▶ [Source material]
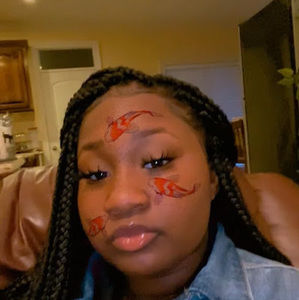 Meet your Posher, Kyi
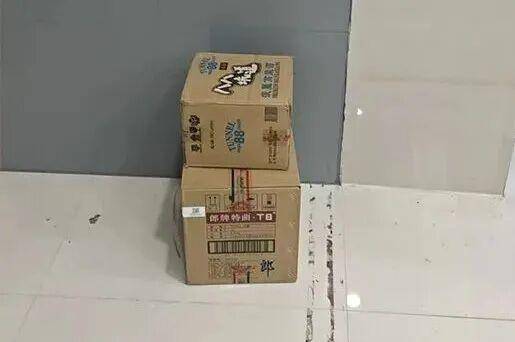 临沂俩小伙偷摸去派出所门口放下<strong></p>
<p>区块链挖矿行情</strong>了…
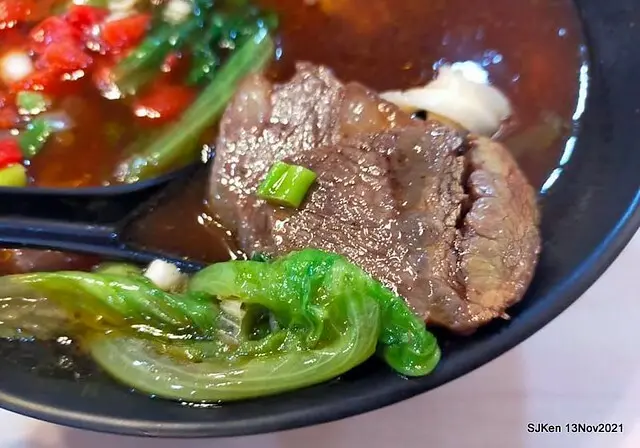 「豐盛刀削麵 -長安店」---隱身台北三條通巷內美食，湯鮮肉嫩的番茄牛肉麵!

▶ [Work instructions]
Print exactly, and only, the lines from the one with "临沂俩小伙偷摸去派出所门口放下<strong></p>" through the last line of the listing above. No pictures belong in the copy.

▶ [Output of the exercise]
 临沂俩小伙偷摸去派出所门口放下<strong></p>
<p>区块链挖矿行情</strong>了…
 「豐盛刀削麵 -長安店」---隱身台北三條通巷內美食，湯鮮肉嫩的番茄牛肉麵!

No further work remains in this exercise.